[Task item] Set down, word for word, the line with "AND式切らない脂肪吸引とは" and the lines after it through the final line of the data below, without pictures.
========================================
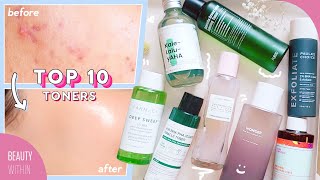 Best Toners for Acne Hyperpigmentation Large Pores Whiteheads amp Blackheads [upl. by Nanahs]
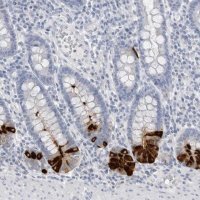 Anti-ABHD12 antibody produced in rabbit 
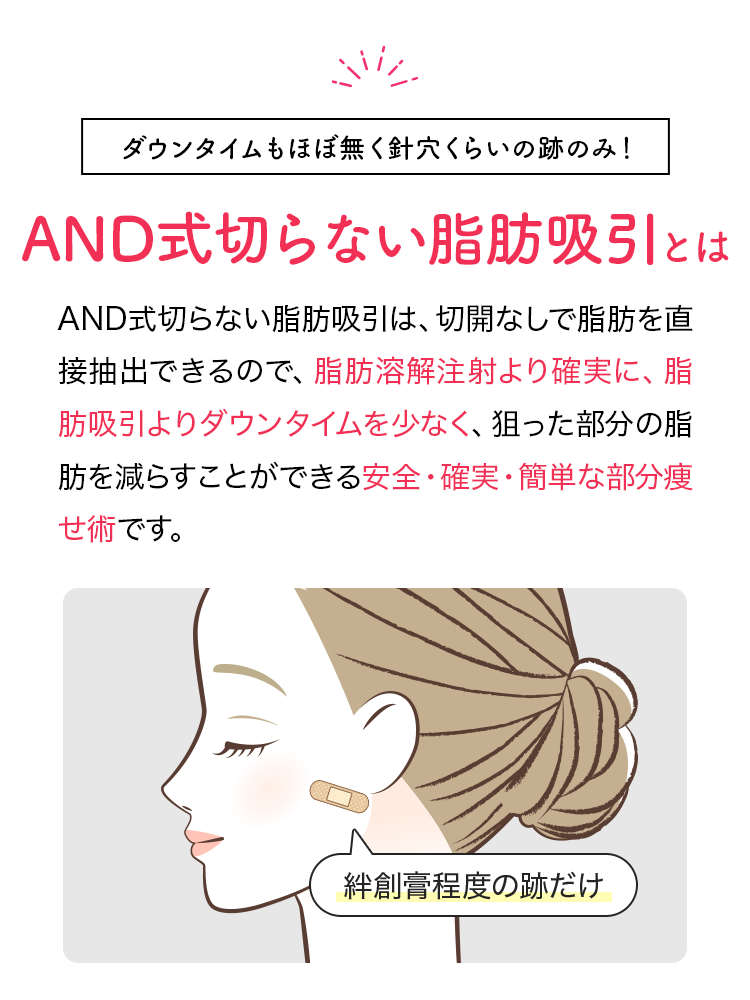 AND式切らない脂肪吸引とは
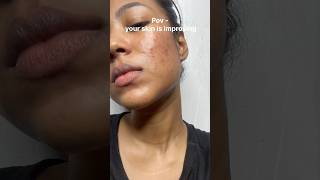 Does Tretinoin Really Improve Skin and Fight Acne tretinoincream acnetreatment acnemarks [upl. by Aihtniroc135]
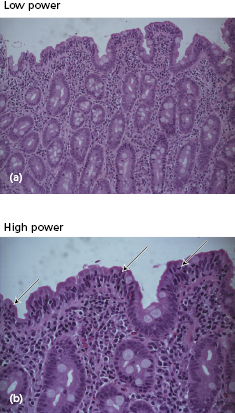 c14-fig-0012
========================================
[Response to the exercise]
 AND式切らない脂肪吸引とは
 Does Tretinoin Really Improve Skin and Fight Acne tretinoincream acnetreatment acnemarks [upl. by Aihtniroc135]
 c14-fig-0012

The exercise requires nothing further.